Emergent wealth and digital assets
Asia’s interest in digital assets grows more robust and more relevant by the day. The most prominent example of that change is China, who went from banning cryptocurrencies six years ago to developing their own digital currency, the Digital Yuan currently in private stages of testing. It should come as no surprise that the Chinese government wants to compete with the cryptocurrency market, as these assets have proven to be extremely resourceful tools for Asian investors to move funds out of their shores. More accurately, over $50 billion US dollars in digital assets were transferred from China in the past year, mostly through Bitcoin, Ethereum and tokenised USD Tether (USDT), according to a recent report by Coinanalysis.
Asian investors are currently in the economic sphere with the most opportunities for the expansion of digital assets. The adoption of cryptocurrencies has been consistently breaking new highs in the continent. In South Korea, according to the Saramin research portal, about one-third of the entire workforce has claimed to invest a large portion of their funds in digital assets. The rise in Asia’s cryptocurrency and digital asset adoption is further enhanced at a political level. The leading Asian nations in crypto trade volume are consistently advancing in regulations for digital assets, either embracing accessibility policies or recognising crypto’s disruptive frameworks against traditional banking (which also puts digital assets in a positive light).

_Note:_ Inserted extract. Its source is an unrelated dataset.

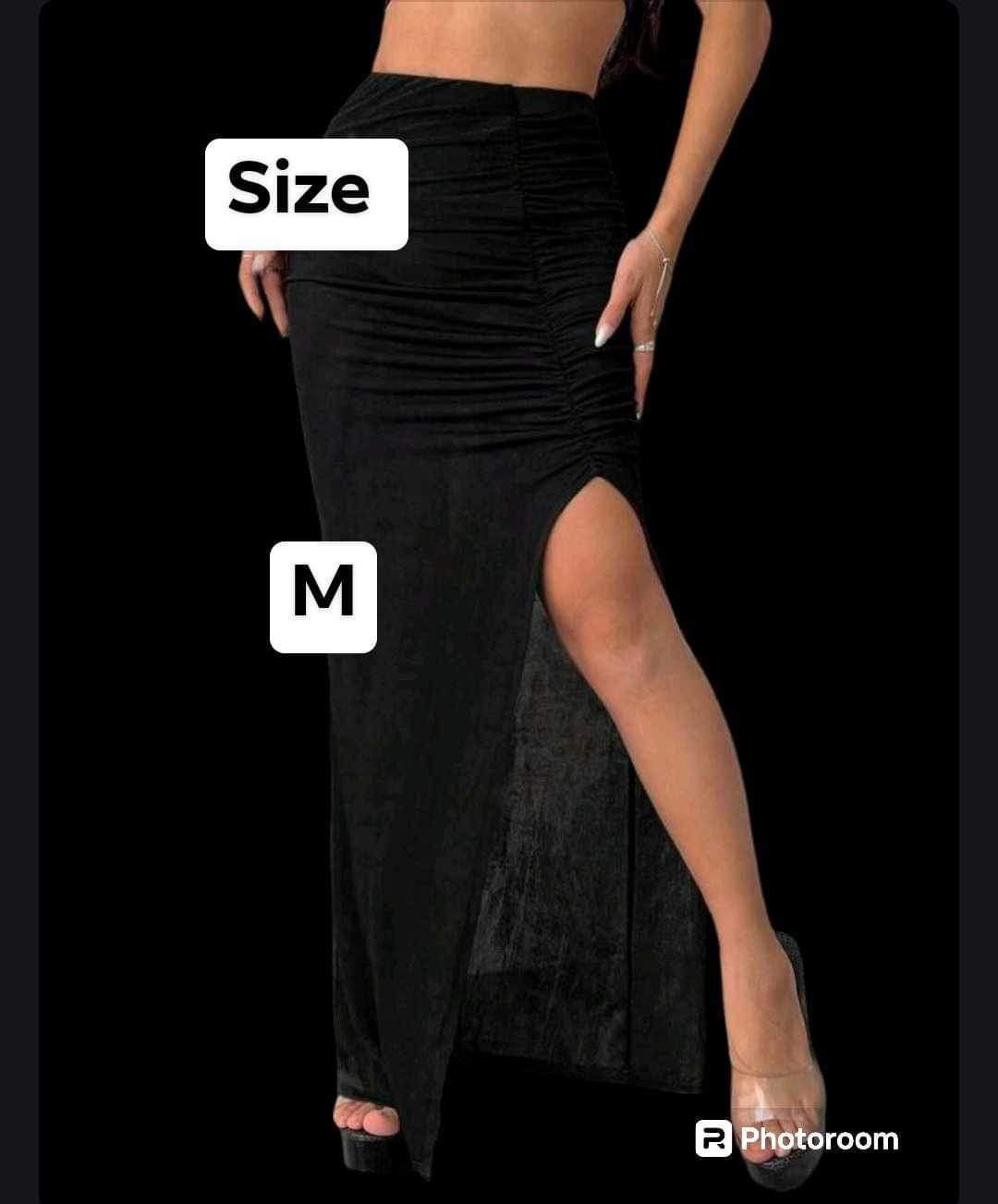 New Women’s Skirt Size Medium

As a continent leading the globe in technological innovation, this puts emergent Asian wealth in a prime position to capitalise on the new wave of digital asset investments. An excellent example of their transition from traditional investments is property value. Global property prices, a consolidated and traditional path of investments for Asians, are moving further out of reach. It is happening mainly in Asia, where prominent cities are consistently topping the list of the most expensive housing prices, year on year. For that reason, the emergent wealth class who might be considering investing in real estate are now looking for alternatives in building true wealth over debt, and the digital asset markets are providing compelling choices.
The emergent wealth class is more in tune with the digital economy, preferring technology and digitally-native investments that complement the persona of the age. They grew up in the digital age, and interact with the digital world daily. It makes sense that they look towards digital assets to invest in and build out their wealth, as they break from the traditions of older generations. Furthermore, and in addition to investing in emergent technologies and digital assets, the new wave of emergent wealth are also looking to purposefully invest in impactful, meaningful projects and assets that make the world a better place.